▸ Work required
A faithful transcription is wanted of the lines from the top of the material through the line that holds "In this example", both ends included, leaving out the pictures.

▸ Dataset entries

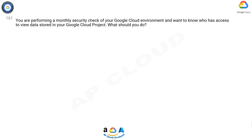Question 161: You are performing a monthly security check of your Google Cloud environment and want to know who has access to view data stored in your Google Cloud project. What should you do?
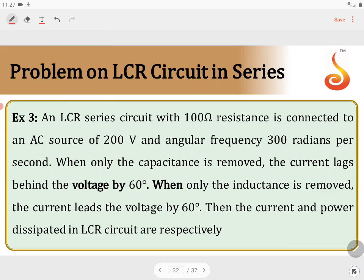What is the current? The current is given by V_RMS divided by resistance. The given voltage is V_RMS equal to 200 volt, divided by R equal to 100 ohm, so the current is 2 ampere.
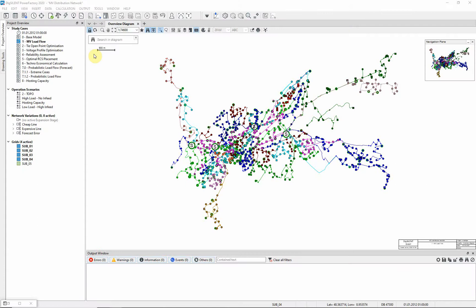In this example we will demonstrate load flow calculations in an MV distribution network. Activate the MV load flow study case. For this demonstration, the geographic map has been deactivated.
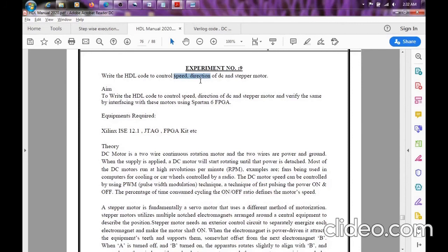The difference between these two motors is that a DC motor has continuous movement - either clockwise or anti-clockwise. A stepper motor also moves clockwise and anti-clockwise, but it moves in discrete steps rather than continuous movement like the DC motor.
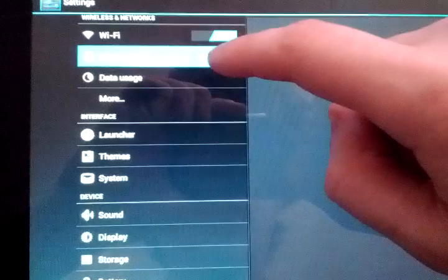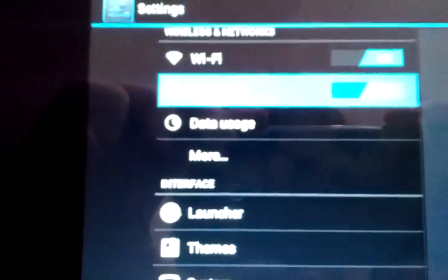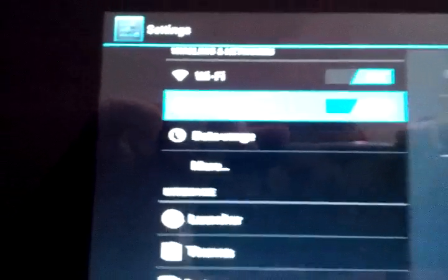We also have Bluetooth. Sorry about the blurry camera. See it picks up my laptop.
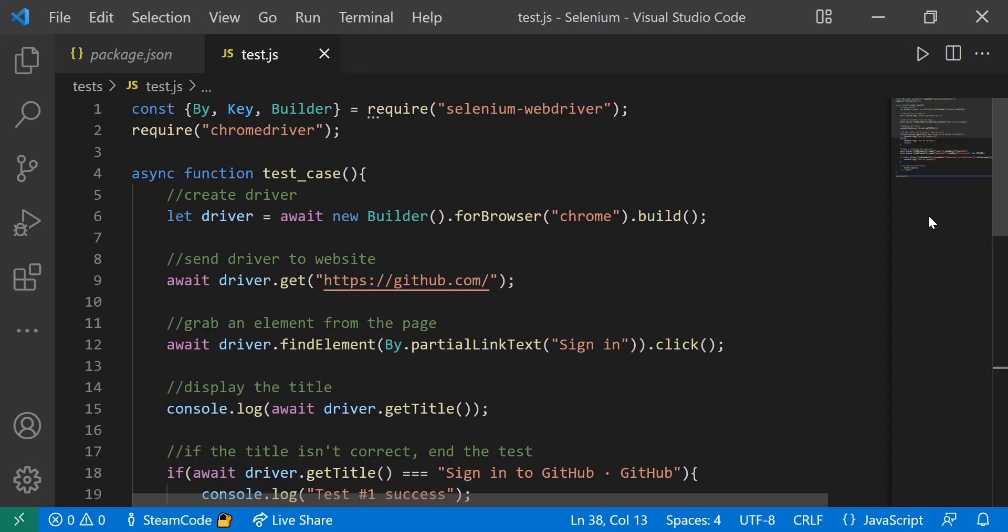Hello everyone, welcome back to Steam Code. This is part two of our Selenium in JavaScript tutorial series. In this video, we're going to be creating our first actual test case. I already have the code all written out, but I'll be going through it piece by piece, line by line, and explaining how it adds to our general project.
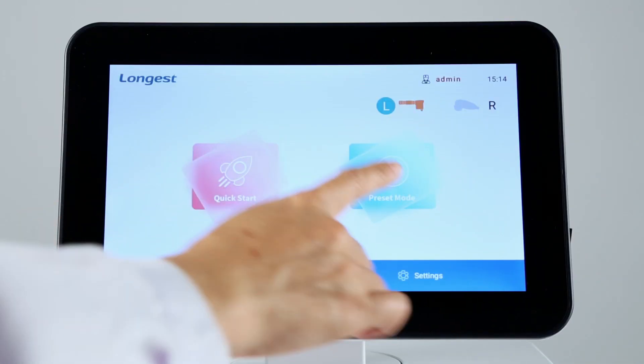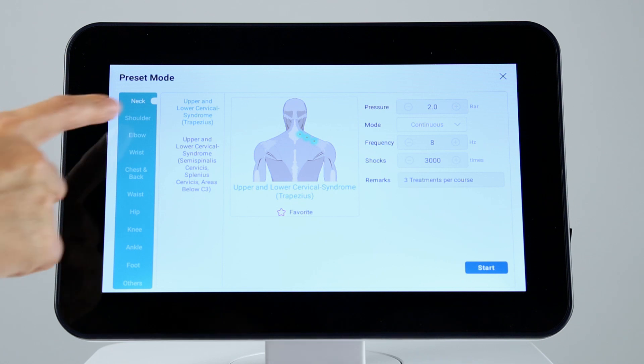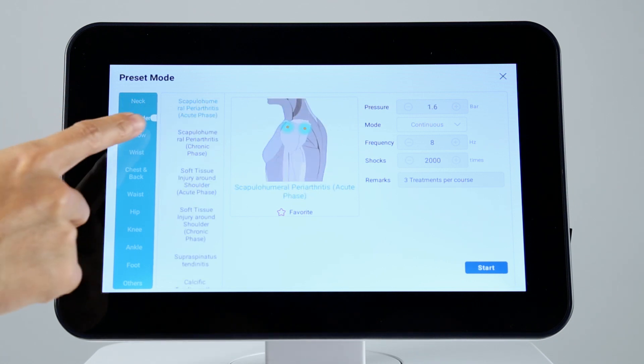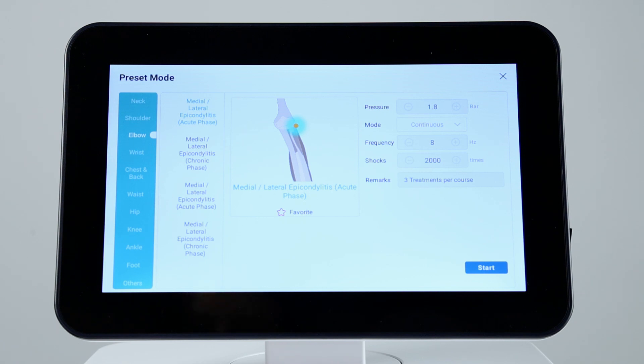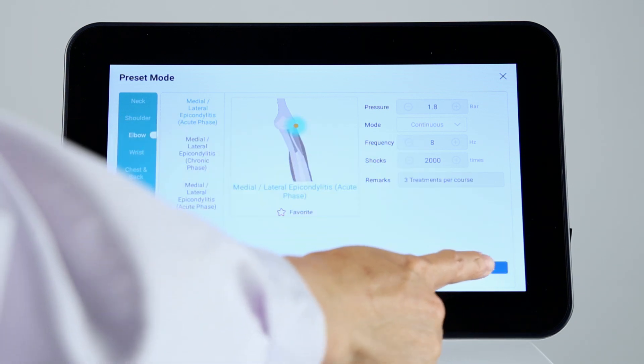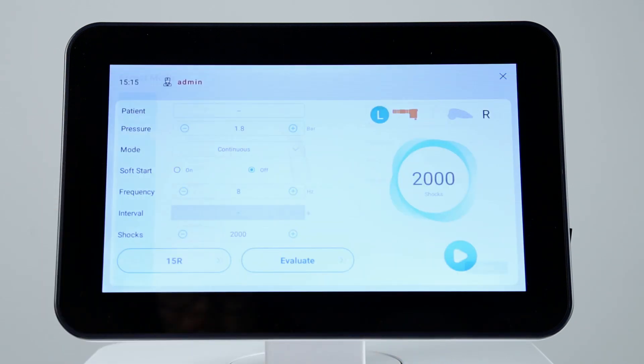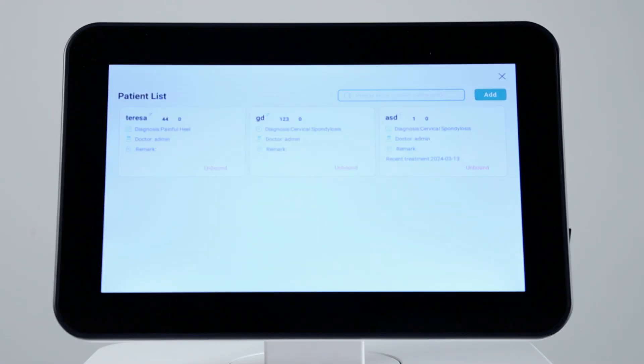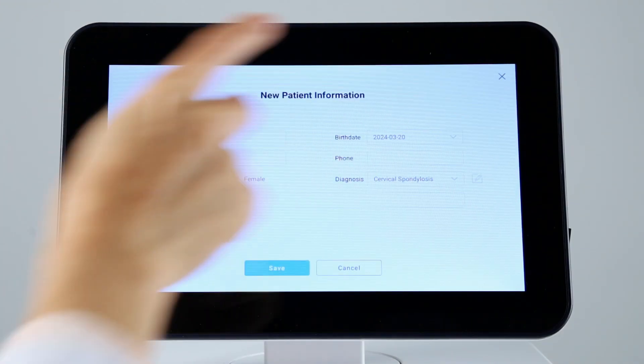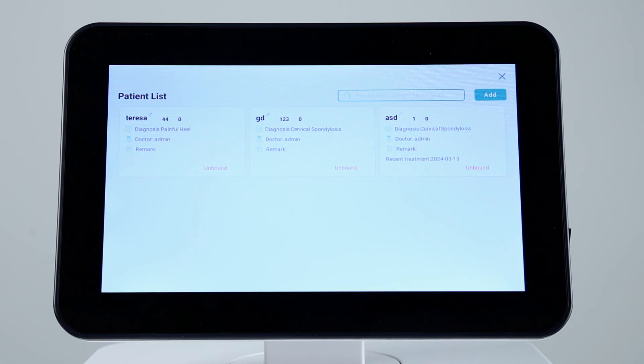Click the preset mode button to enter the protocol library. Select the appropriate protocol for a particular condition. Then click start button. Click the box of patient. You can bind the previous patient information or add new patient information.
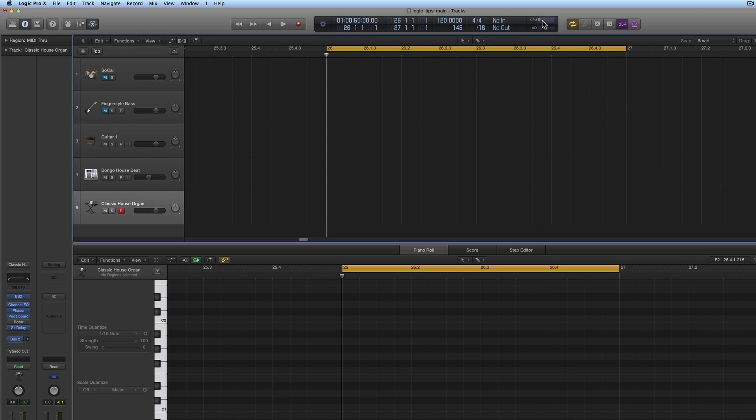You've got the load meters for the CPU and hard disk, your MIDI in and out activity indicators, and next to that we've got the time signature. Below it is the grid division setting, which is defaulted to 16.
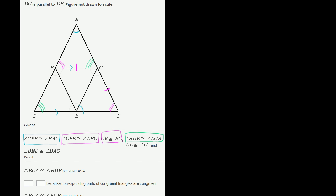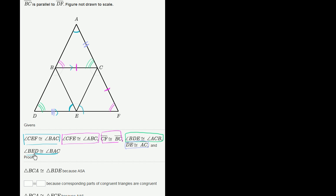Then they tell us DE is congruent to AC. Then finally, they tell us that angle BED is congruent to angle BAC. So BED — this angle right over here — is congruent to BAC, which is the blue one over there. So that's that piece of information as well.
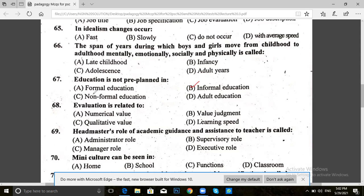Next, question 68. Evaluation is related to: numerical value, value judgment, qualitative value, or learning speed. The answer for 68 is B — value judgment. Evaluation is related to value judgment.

▸ The answer
Question 161: You are performing a monthly security check of your Google Cloud environment and want to know who has access to view data stored in your Google Cloud project. What should you do?
What is the current? The current is given by V_RMS divided by resistance. The given voltage is V_RMS equal to 200 volt, divided by R equal to 100 ohm, so the current is 2 ampere.
In this example we will demonstrate load flow calculations in an MV distribution network. Activate the MV load flow study case. For this demonstration, the geographic map has been deactivated.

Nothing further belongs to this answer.